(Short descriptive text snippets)

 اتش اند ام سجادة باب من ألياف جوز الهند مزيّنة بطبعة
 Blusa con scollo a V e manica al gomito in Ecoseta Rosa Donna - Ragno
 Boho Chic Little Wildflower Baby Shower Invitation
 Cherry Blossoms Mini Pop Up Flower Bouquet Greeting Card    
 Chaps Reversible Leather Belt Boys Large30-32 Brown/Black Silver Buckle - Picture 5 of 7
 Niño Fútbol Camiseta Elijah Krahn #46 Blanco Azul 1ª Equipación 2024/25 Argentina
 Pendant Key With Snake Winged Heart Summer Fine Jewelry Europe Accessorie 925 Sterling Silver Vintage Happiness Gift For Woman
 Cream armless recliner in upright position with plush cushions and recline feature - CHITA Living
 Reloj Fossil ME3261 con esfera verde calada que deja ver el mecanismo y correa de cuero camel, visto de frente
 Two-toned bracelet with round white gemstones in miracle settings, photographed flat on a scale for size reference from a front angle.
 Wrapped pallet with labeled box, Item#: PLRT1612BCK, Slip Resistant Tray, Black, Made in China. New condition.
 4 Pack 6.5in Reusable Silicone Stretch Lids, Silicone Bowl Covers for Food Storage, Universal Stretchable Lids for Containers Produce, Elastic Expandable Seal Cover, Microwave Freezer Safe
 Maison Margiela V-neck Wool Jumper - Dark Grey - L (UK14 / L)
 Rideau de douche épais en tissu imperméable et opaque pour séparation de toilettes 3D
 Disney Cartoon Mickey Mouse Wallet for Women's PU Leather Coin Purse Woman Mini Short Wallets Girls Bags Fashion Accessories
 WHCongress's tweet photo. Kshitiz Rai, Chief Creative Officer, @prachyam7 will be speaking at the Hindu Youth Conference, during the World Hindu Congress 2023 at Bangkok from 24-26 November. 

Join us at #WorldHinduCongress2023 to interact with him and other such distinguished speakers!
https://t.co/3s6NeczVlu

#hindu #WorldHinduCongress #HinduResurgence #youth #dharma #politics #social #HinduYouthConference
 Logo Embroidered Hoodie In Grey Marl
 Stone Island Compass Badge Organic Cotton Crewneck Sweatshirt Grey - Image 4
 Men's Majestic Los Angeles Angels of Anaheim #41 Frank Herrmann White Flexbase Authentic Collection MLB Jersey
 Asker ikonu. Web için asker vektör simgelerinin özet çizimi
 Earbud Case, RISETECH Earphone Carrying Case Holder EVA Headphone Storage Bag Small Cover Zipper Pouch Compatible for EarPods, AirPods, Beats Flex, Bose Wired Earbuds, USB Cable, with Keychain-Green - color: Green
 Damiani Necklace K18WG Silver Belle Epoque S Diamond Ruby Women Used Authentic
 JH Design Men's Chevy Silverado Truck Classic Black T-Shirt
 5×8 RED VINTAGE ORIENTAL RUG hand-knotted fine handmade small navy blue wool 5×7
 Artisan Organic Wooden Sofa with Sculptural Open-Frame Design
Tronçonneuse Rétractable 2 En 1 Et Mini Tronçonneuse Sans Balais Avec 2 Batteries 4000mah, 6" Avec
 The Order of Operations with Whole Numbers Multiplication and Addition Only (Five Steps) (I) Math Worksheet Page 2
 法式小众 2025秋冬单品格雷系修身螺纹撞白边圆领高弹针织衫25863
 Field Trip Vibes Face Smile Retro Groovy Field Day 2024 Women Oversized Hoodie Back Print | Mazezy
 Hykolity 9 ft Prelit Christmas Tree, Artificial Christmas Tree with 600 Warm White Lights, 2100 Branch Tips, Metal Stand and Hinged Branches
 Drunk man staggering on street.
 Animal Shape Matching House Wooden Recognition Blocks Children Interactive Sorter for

What the exercise asks.
Please return all of the records exactly.

Result.
 اتش اند ام سجادة باب من ألياف جوز الهند مزيّنة بطبعة
 Blusa con scollo a V e manica al gomito in Ecoseta Rosa Donna - Ragno
 Boho Chic Little Wildflower Baby Shower Invitation
 Cherry Blossoms Mini Pop Up Flower Bouquet Greeting Card    
 Chaps Reversible Leather Belt Boys Large30-32 Brown/Black Silver Buckle - Picture 5 of 7
 Niño Fútbol Camiseta Elijah Krahn #46 Blanco Azul 1ª Equipación 2024/25 Argentina
 Pendant Key With Snake Winged Heart Summer Fine Jewelry Europe Accessorie 925 Sterling Silver Vintage Happiness Gift For Woman
 Cream armless recliner in upright position with plush cushions and recline feature - CHITA Living
 Reloj Fossil ME3261 con esfera verde calada que deja ver el mecanismo y correa de cuero camel, visto de frente
 Two-toned bracelet with round white gemstones in miracle settings, photographed flat on a scale for size reference from a front angle.
 Wrapped pallet with labeled box, Item#: PLRT1612BCK, Slip Resistant Tray, Black, Made in China. New condition.
 4 Pack 6.5in Reusable Silicone Stretch Lids, Silicone Bowl Covers for Food Storage, Universal Stretchable Lids for Containers Produce, Elastic Expandable Seal Cover, Microwave Freezer Safe
 Maison Margiela V-neck Wool Jumper - Dark Grey - L (UK14 / L)
 Rideau de douche épais en tissu imperméable et opaque pour séparation de toilettes 3D
 Disney Cartoon Mickey Mouse Wallet for Women's PU Leather Coin Purse Woman Mini Short Wallets Girls Bags Fashion Accessories
 WHCongress's tweet photo. Kshitiz Rai, Chief Creative Officer, @prachyam7 will be speaking at the Hindu Youth Conference, during the World Hindu Congress 2023 at Bangkok from 24-26 November. 

Join us at #WorldHinduCongress2023 to interact with him and other such distinguished speakers!
https://t.co/3s6NeczVlu

#hindu #WorldHinduCongress #HinduResurgence #youth #dharma #politics #social #HinduYouthConference
 Logo Embroidered Hoodie In Grey Marl
 Stone Island Compass Badge Organic Cotton Crewneck Sweatshirt Grey - Image 4
 Men's Majestic Los Angeles Angels of Anaheim #41 Frank Herrmann White Flexbase Authentic Collection MLB Jersey
 Asker ikonu. Web için asker vektör simgelerinin özet çizimi
 Earbud Case, RISETECH Earphone Carrying Case Holder EVA Headphone Storage Bag Small Cover Zipper Pouch Compatible for EarPods, AirPods, Beats Flex, Bose Wired Earbuds, USB Cable, with Keychain-Green - color: Green
 Damiani Necklace K18WG Silver Belle Epoque S Diamond Ruby Women Used Authentic
 JH Design Men's Chevy Silverado Truck Classic Black T-Shirt
 5×8 RED VINTAGE ORIENTAL RUG hand-knotted fine handmade small navy blue wool 5×7
 Artisan Organic Wooden Sofa with Sculptural Open-Frame Design
Tronçonneuse Rétractable 2 En 1 Et Mini Tronçonneuse Sans Balais Avec 2 Batteries 4000mah, 6" Avec
 The Order of Operations with Whole Numbers Multiplication and Addition Only (Five Steps) (I) Math Worksheet Page 2
 法式小众 2025秋冬单品格雷系修身螺纹撞白边圆领高弹针织衫25863
 Field Trip Vibes Face Smile Retro Groovy Field Day 2024 Women Oversized Hoodie Back Print | Mazezy
 Hykolity 9 ft Prelit Christmas Tree, Artificial Christmas Tree with 600 Warm White Lights, 2100 Branch Tips, Metal Stand and Hinged Branches
 Drunk man staggering on street.
 Animal Shape Matching House Wooden Recognition Blocks Children Interactive Sorter for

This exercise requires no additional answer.